What Is Organized, Anyway?

Most of us have no trouble defining what it means to be disorganized because the evidence is all around us. When it’s hard to get out the door on time because necessary household items such as car keys, handbags, or children’s homework are nowhere to be found, or when bills go unpaid because they’re mislaid or lost, it spells disorganization.

Understanding what it means to be organized, on the other hand, can be a bit more difficult. In a nutshell, you picked up this book because you want life to be easier. That desire to live more simply, directly, and freely is at the heart of what you mean when you say you need to get organized.

Depending on the individual, the process of getting organized may involve clearing clutter, getting control of time, revamping storage, establishing new routines, or all of these things. The precise mix varies from person to person. Someone with a clutter problem will take a different road to organization than a person who needs to improve time-management skills. The secret to getting organized fast is focusing on your own challenges, abilities, and goals, and creating your own unique path to an organized life.

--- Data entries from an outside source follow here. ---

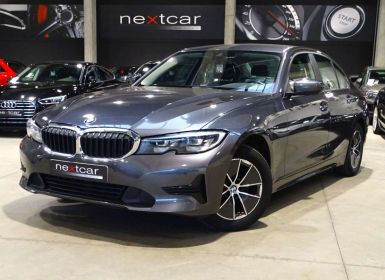 Achat BMW Série 3 318 dA Berline Occasion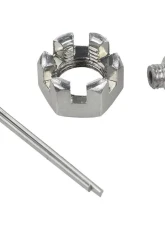 Mevotech Supreme Steering Tie Rod End Front Inner                                     - MES403L - Image 4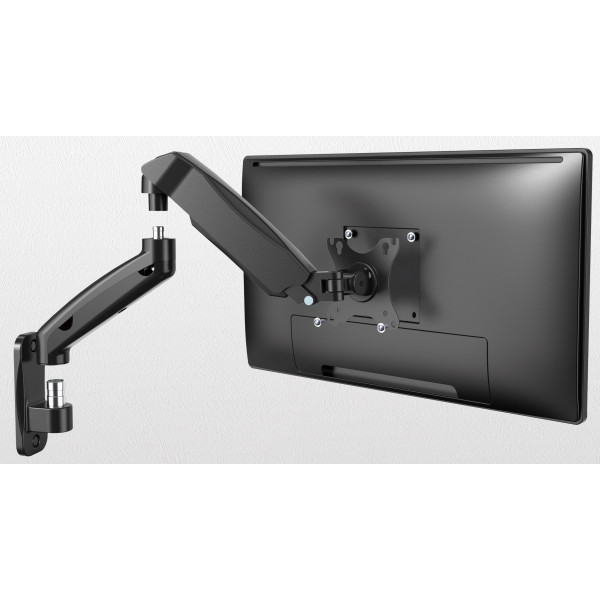 Фото - Кріплення для телевізора OfficePro MA310B 17-32" 2-9 кг Black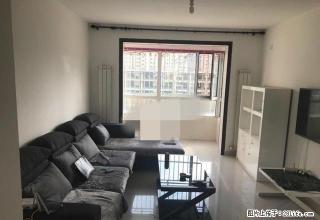 华研中学附近{华研香水湾}精装两居带全套家具 - 鄂尔多斯28生活网 erds.28life.com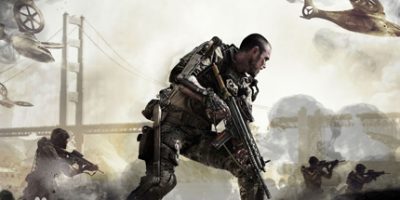 使命召唤11：高级战争/Call of Duty：Advanced Warfare-云端资源分享
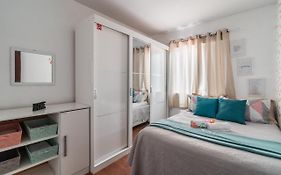 Family Space Curitiba/vaga de garagem Gratis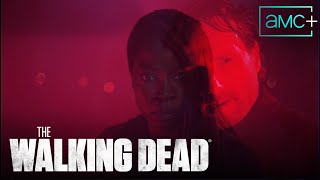 The Walking Dead The Ones Who Live SDCC Teaser Trailer  ft Andrew Lincoln Danai Gurira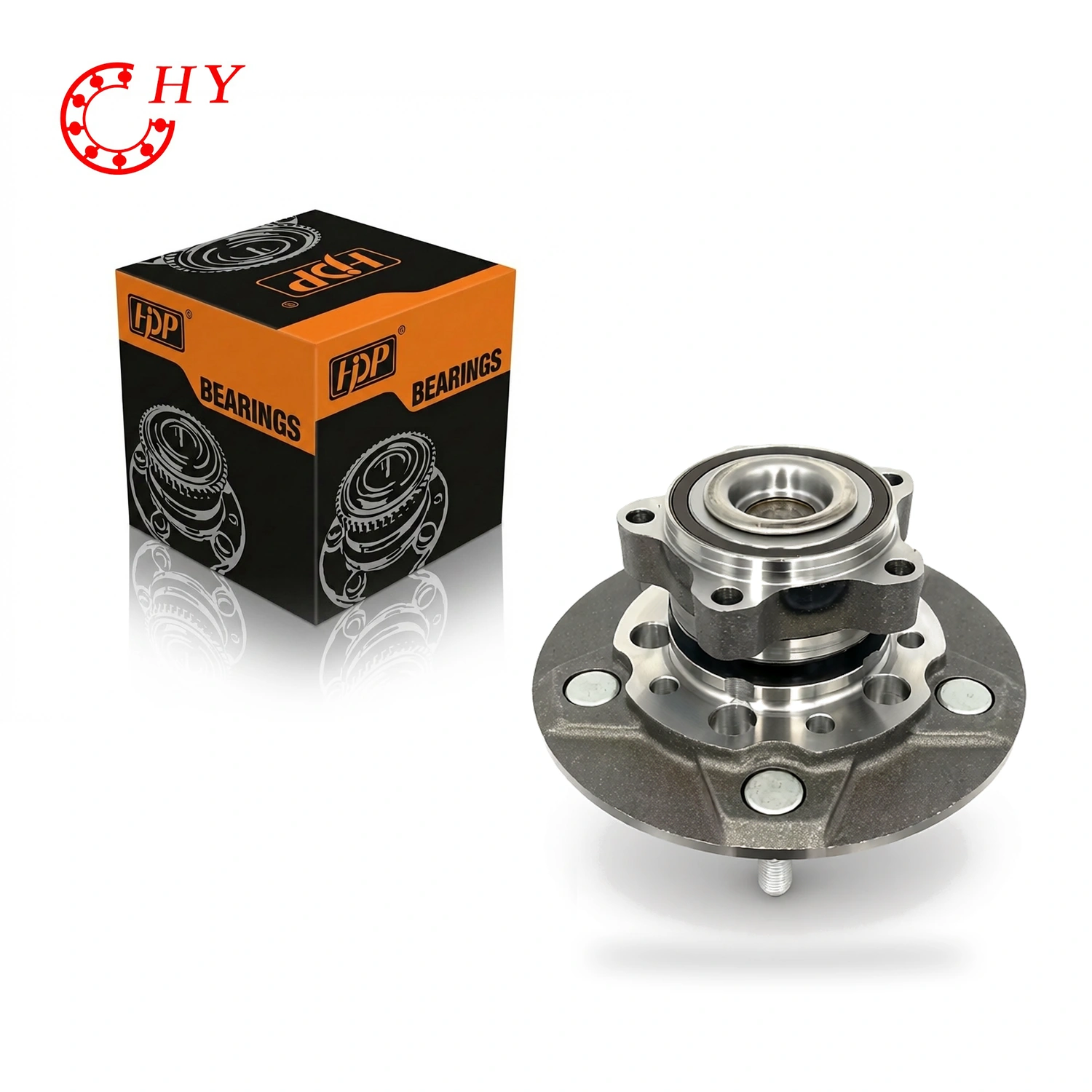 HJDP HY3-0846 wheel hub bearing assembly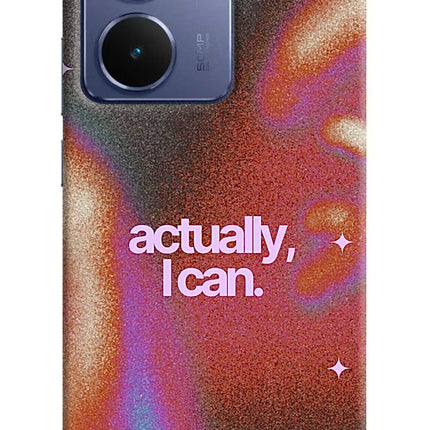 Pink Aura Realme P3 Ultra 5G Hard Case Back Cover by Casekaro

What will it take to move you from where you are to where you want to be? To clear the way forward, let’s examine some myths and misconceptions about the organizing process.

SPEEDY SOLUTION

For a quick start to a more organized life, carry a small notepad with you at all times. Each time you remember an item you need to buy or a task you need to do, make a note of it. Using a notepad or smartphone to track fleeting must-do items saves time and frees your brain for more important work. Trap them now to tap them later!

Organizing Myths and Misconceptions

Sometimes efforts to get organized can get hung up on inaccurate ideas of what organization is and how you achieve it. See how many of these statements about organization you agree with:

  Getting organized takes a lot of time.

  You have to buy stuff to get organized.

  Organized homes are neat and tidy.

  Organizing systems are really complicated.

Surprise! None of these statements is true. All of them express commonly held misconceptions about the process of getting organized.

Does it take time to get organized? Sure it does, but a lot less than the time you spend fighting the day-to-day effects of disorganization.

Getting organized is like riding a bicycle. When you’re just learning to ride a two-wheeler, you have plenty of false starts and stops, and you wobble a lot. But soon enough, you find your balance. From that point on, all it takes to go is a tiny push on the pedal.

Yes, you’ll invest some time in the beginning stages of getting organized. But just as with that bicycle, your efforts will move you along far more quickly than they did before. Once past the first part of the learning curve, an organized life takes very little time to maintain.

What about expense? Well, who doesn’t love visiting a store devoted to organizing products? Wandering down the aisles, it’s easy to imagine living a serene and organized life. But oh, the price tag! Specialty organizers can carry a hefty price tag, so you decide that you can’t afford to get organized—not this pay period, anyway.

Nonsense! While organizing products offer clever and useful solutions to many common problems, buying them is not a prerequisite to getting organized. Their place in the organization process comes after the hard work has been done of cutting clutter, evaluating household storage, and making educated decisions about the requirements of your space and your stuff. None of these activities costs a dime, and neither does getting organized.

Can you tell an organized space by the way it looks? Be careful—organized is not a decorating style. Despite the efforts of home magazines to convince you otherwise, there’s no such thing as an organized housing style.

A minimalist home can look great on the surface but dissolve into chaos when you open a drawer or search for a filed paper. On the other hand, a cozy country house, complete with scattered belongings and children’s toys, can be a beautifully organized home that supports the daily life of the family that lives there. Know an organized space by the way it works, not by the way it looks.

What about all those complex organization systems out there, the ones with mission statements and planner pages and checklists? Yes, they do exist, and for many people they represent an effective path to organized living. However, structured get-organized systems are not the only route to the goal. By all means, make use of them if they work well with your organizing style, your goals, and your budget. But if all those little check boxes make your skin crawl, take heart! You can achieve the same results with nothing more complicated than a simple spiral notebook and a pen.

One Right Way—Yours

Another factor can trip you up when reaching for better home and personal organization: the guru. Browsing the bookstore or surfing online, you can encounter testimonials about this method or that writer or workshop, and all of them are glowing. “Gee,” you say to yourself, “if it works for them, it has to work for me!”

If you’re lucky enough to hook up with a method that meets your personal organizing needs and preferences, it’ll be a match! But problems arise when you try to shove your square peg into their round hole. Experiencing setbacks when everyone around you appears to be making great strides forward can throw you off the path altogether.

The fastest way to create an organized life that you can live with is to know yourself. Your goals, your strengths, and your challenges all affect where you’ll start and how you’ll travel down the path.

This book helps you determine your own clutter tolerance, filing preferences, time-management style, and taste in routines to help you craft a custom get-organized plan that will work for you—and work quickly.

ROAD HAZARD

When you’re fed up with a disorganized life, it’s tempting to go on the organizing equivalent of a crash diet, changing everything in your life at once. Resist the urge! Just as with weight loss, the secret to organized success is slow, steady progress. Save your energy for the long haul so you can sustain the journey to an organized life.